:: MATERIAL FOR THIS EXERCISE ::

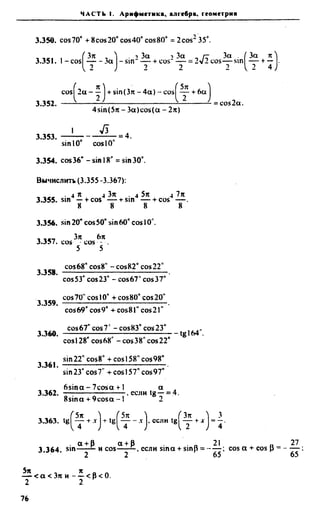 Сканави 6-е издание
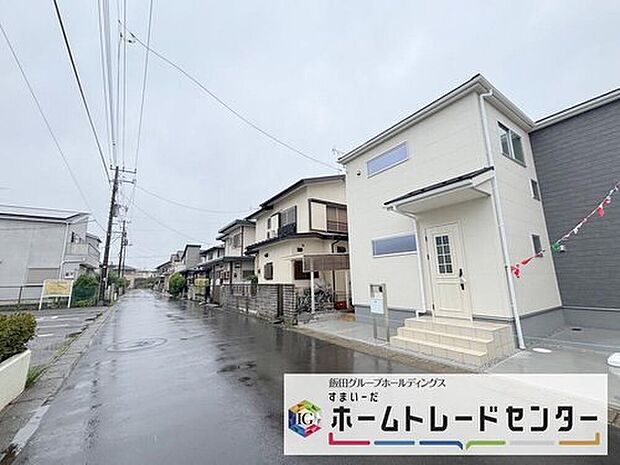 【前面道路含む現地写真】◆平日・お仕事帰りなど、いつでもご案内させていただきます！デザイン・目に見える設備面も大切ですが、耐震構造で地震に強い家の為、次代へ繋ぐ強固な住宅です。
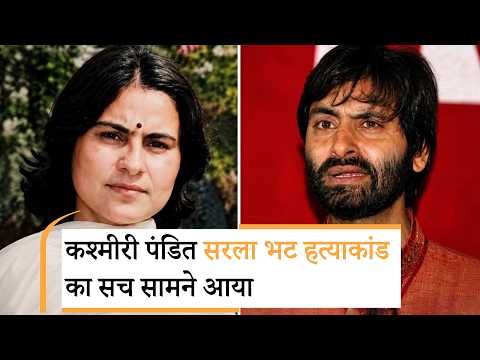 Kashmiri Pandit Sarla Bhat की अमानवीय हत्या का सच सामने आया, Yasin Malik के कहने पर हुआ था Murder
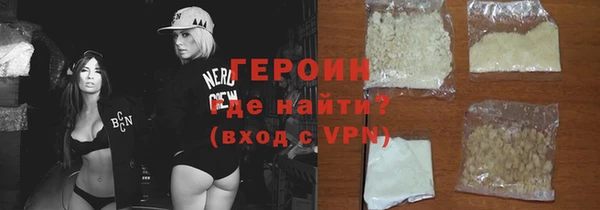 мдма Медногорск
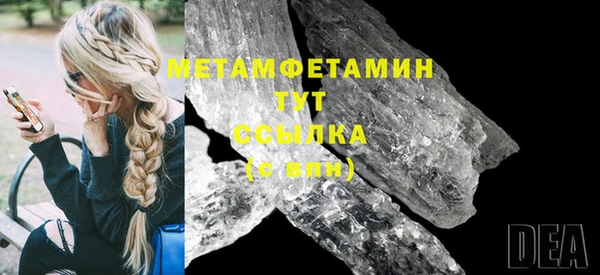 бошки Гусев
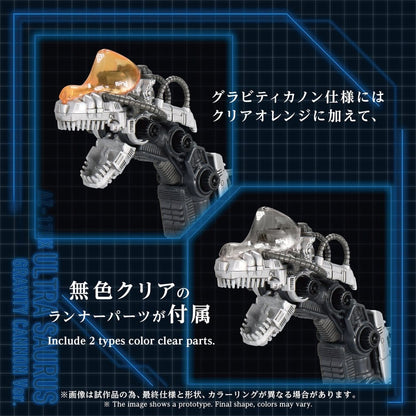 Zoids Plastic Model Kit 1/72 AZ-17DX Ultra Saurus Gravity Cannon Deluxe Version 58 cm Image 8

:::

Nothing but an exact repeat of the records, pictures excluded, belongs in the answer.

 Сканави 6-е издание
 【前面道路含む現地写真】◆平日・お仕事帰りなど、いつでもご案内させていただきます！デザイン・目に見える設備面も大切ですが、耐震構造で地震に強い家の為、次代へ繋ぐ強固な住宅です。
 Kashmiri Pandit Sarla Bhat की अमानवीय हत्या का सच सामने आया, Yasin Malik के कहने पर हुआ था Murder
 мдма Медногорск
 бошки Гусев
 Zoids Plastic Model Kit 1/72 AZ-17DX Ultra Saurus Gravity Cannon Deluxe Version 58 cm Image 8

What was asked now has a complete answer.